Enclosure, Maryville, Co. Limerick
Co. Limerick |
Enclosures
Some archaeological sites announce themselves through earthworks, carved stone, or the outline of walls pressing up through turf.
This one in County Limerick does none of that. What may be an enclosure, a class of monument typically defined by a raised bank or ditch encircling a defined area and found across Ireland in forms ranging from early medieval farmsteads to prehistoric ritual sites, sits in gently rolling pasture on a slight north-facing slope near the townland of Maryville, and it leaves no visible mark on the ground at all. It does not appear on the Ordnance Survey six-inch map of 1840, nor on the more detailed 25-inch revision of 1897. For most of its existence, whatever this feature once was, cartography simply looked through it.
The site came to attention not through fieldwork or local knowledge but through the mechanics of infrastructure. In 1986, aerial photographs taken at a scale of 1:10,000 for the Curraleigh to Limerick gas pipeline project were examined as part of an archaeological assessment, and among the frames catalogued as BGE No. 40 was an anomaly logged as Site No. 022213, positioned some 60 metres west of the townland boundary with Kildonnell and around 165 metres north of the boundary with Kilcurly. Aerial photography can reveal cropmarks or soilmarks invisible at ground level, subtle variations in how vegetation grows over buried features, and it was this kind of evidence that flagged the site. When the Archaeological Survey of Ireland visited in 2000, however, surveyors found no surface remains whatsoever. A further check using Google Earth orthoimages captured in 2020 confirmed that nothing is visible from above either.
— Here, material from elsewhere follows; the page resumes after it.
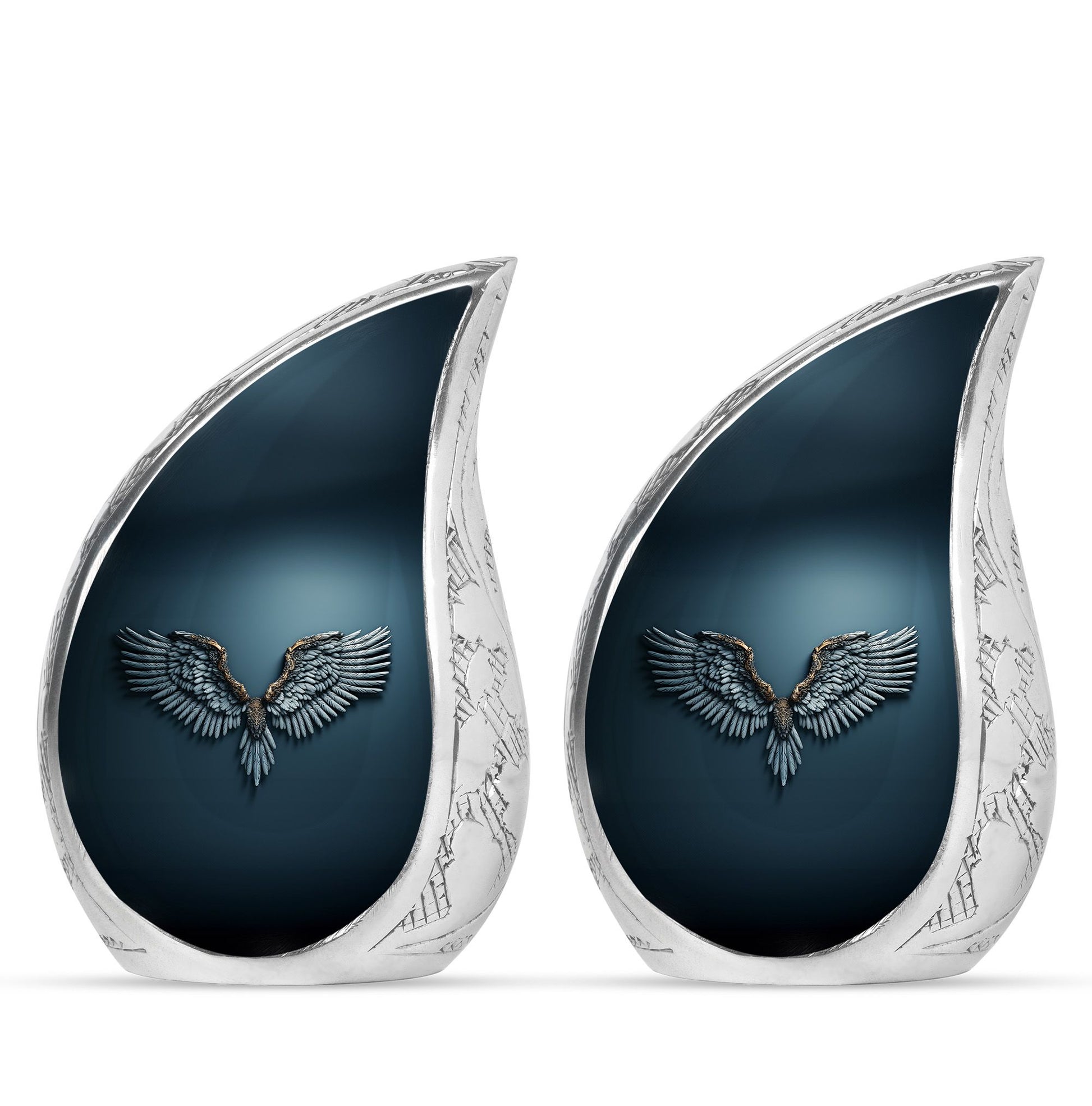 Wings Blue Theme 3 Inch Keepsake Pack of 2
For anyone curious enough to visit the general area, the landscape itself is quietly instructive. The undulating pasture around Maryville sits within a part of Limerick where townland boundaries often follow much older divisions, and the proximity of the Kildonnell and Kilcurly boundaries gives a loose geographical anchor for those working from a map. There is no marker, no signage, and no earthwork to orient a visitor on the ground. The interest here is less in what can be seen than in what the record represents: a place that exists in an archive, in a gas pipeline survey, and in a single aerial photograph taken nearly four decades ago, but that has otherwise declined to leave any trace of itself behind.